London IPE gas oil used as a basis to price distillates such as heating oil, added $16.75 from the previous day's settlement and about $5 from late Thursday levels to $440.50 a tonne. This boosted the spread between January gas oil and front month Brent to record levels of over $14 a barrel.

Gas oil has gained well over six per cent so far this week, dragging up refining profits and spurring physical oil buying to staunch a three and a half week slide on crude futures.

The rally comes after prices plunged nearly 17 per cent from record highs in late October, as signs of building crude supplies and slowing demand growth drove investors out of energy and into financial or equity markets.

Dealers are concerned about the adequacy of heating oil inventories, which are significantly below last year's levels in the top markets of the US, Germany and Japan. US supplies are 16 per cent less than year-ago figures.

NYMEX heating oil futures were up 1.21 cents to $1.4421 a gallon in New York.

An early or severe winter could cause a price spike with household demand for heating. Continued mild weather, however, would give refiners more time to replenish stocks, providing a cushion against future cold snaps.

The US National Oceanic and Atmospheric Administration said on Thursday in a revised forecast that winter would be likely to bring warmer-than-normal conditions in the west and colder temperatures in the East, including the heavy-consuming northeast.

Demand for oil products on physical markets has been strong this week. Traders said China, the world's second-largest energy user, had boosted diesel imports to their highest levels since early 1999 to make sure supplies do not run short as in 2003.
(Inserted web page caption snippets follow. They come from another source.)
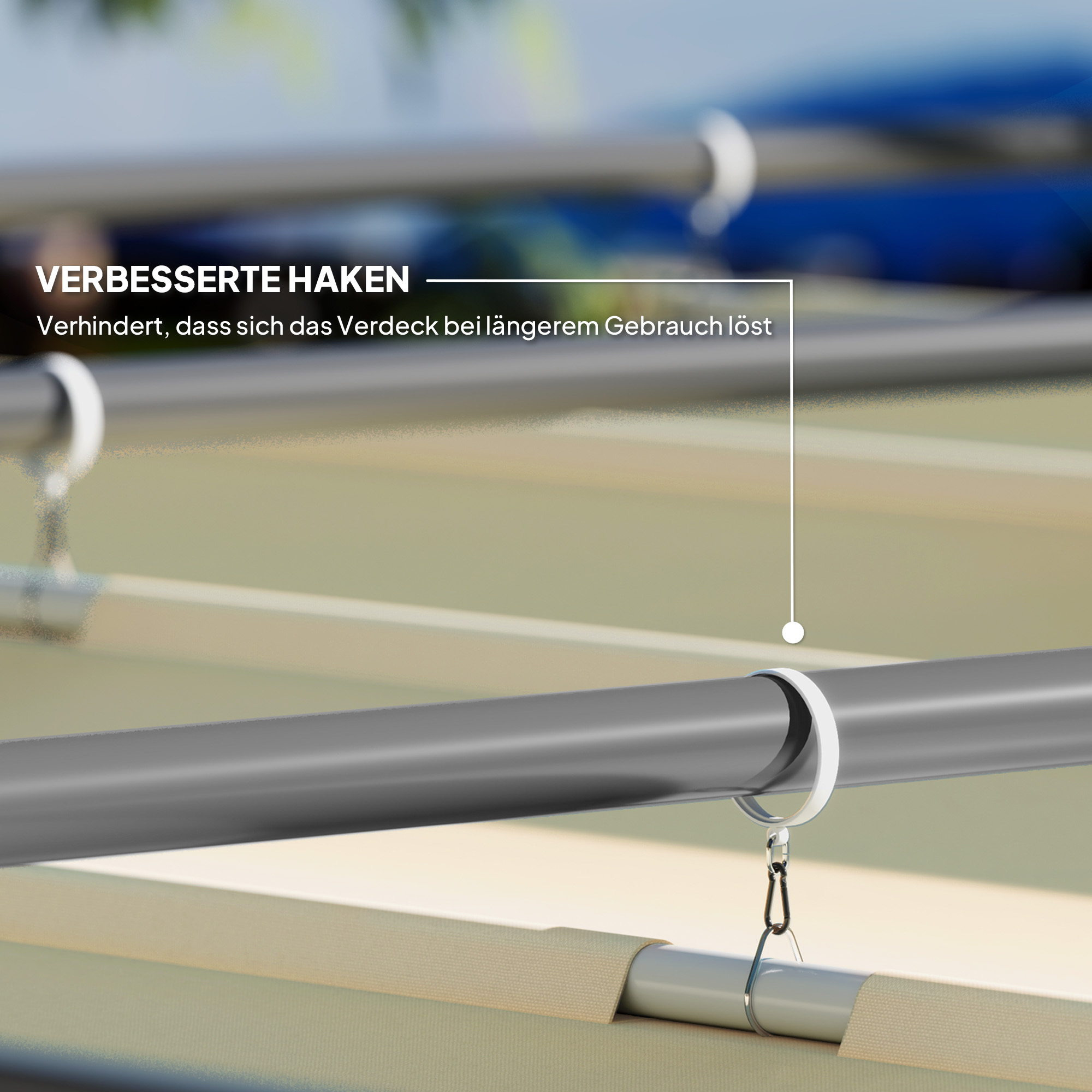 3 x 3 m Garten-Pergola mit einziehbarem Dach, Pavillon, Baldachin für Schatten, UPF30+, Beige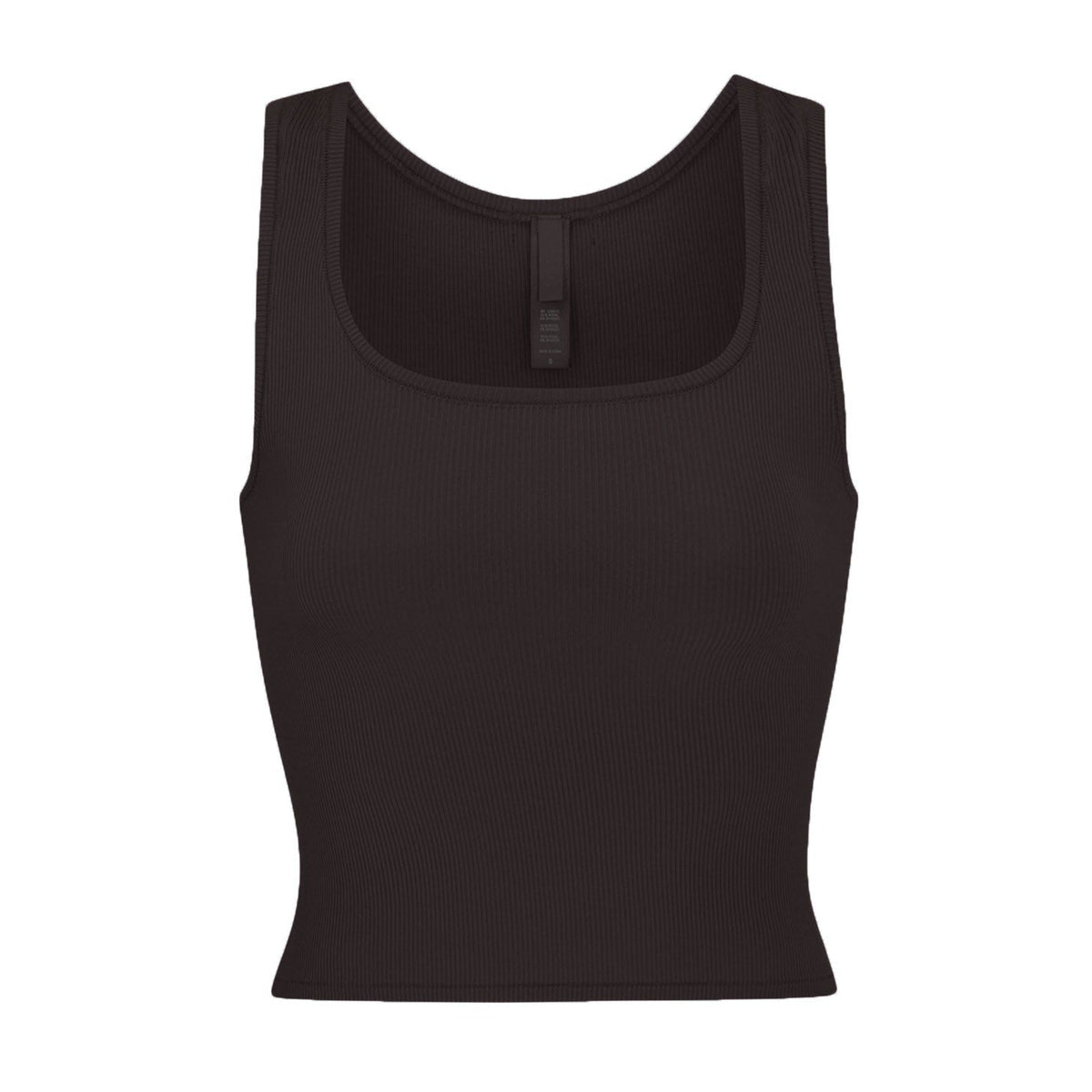 SOFT LOUNGE TANK | ONYX (TANKS, TOPS) LAYS FLAT ON A WHITE BACKGROUND | FLT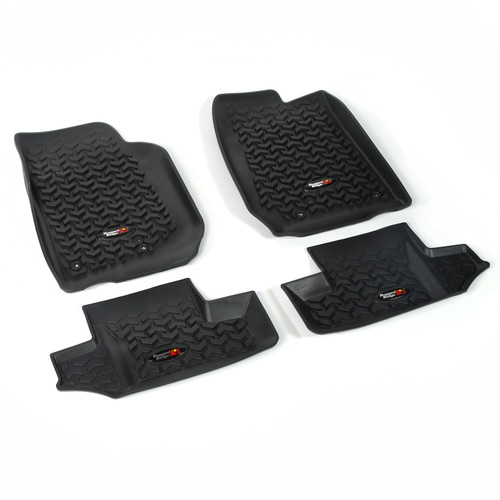 Rugged Ridge Jeep Wrangler All Terrain Floor Liner - 12987.03; Black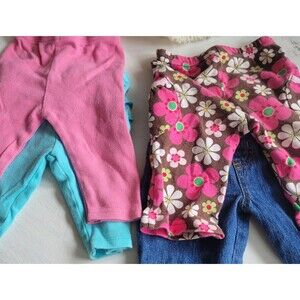 0 To 3 Baby Girl Pants and a pair of jeans pull up mixed lot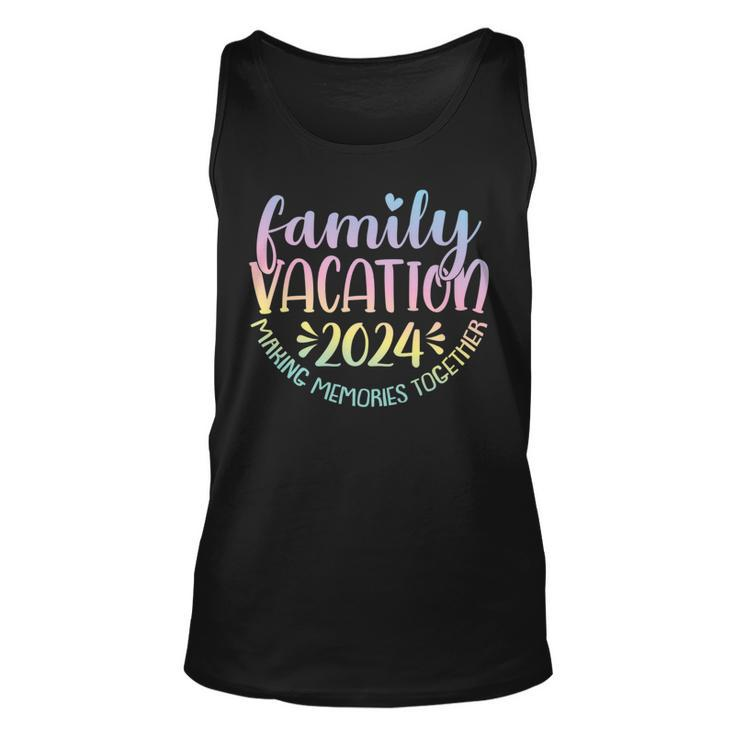 Family Vacation 2024 Making Memories Together Funny Summer   Unisex Tank Top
Chinese oil importers have booked at least 450,000 tons of diesel for November - more than four times October's estimated volume - hoping to avoid the kind of supply crunch that forced hundreds of gas stations to ration sales a year ago.

Oversupply on crude markets has also focused attention on the Opec producers cartel, which has been pumping near flat out at near 30 million barrels per day since the late summer.

Venezuelan Energy Minister Rafael Ramirez said late on Thursday his country would support a cut in oil production by oil cartel Opec when the producers' group next meets on December 10.

The minister said Opec member Iran had already made a proposal to cut production at the upcoming meeting. Some producing nations are concerned that a potential build-up in crude stocks over the next few months could depress oil prices.

On Thursday the Opec cartel revised down its expectations of oil demand growth for next year and projected a rare big winter stockbuild if the group keeps producing at current levels.

"There's a growing realisation that the Opec basket price is very low. Opec may well be thinking about cutting production," said Barclay's Mr Norrish.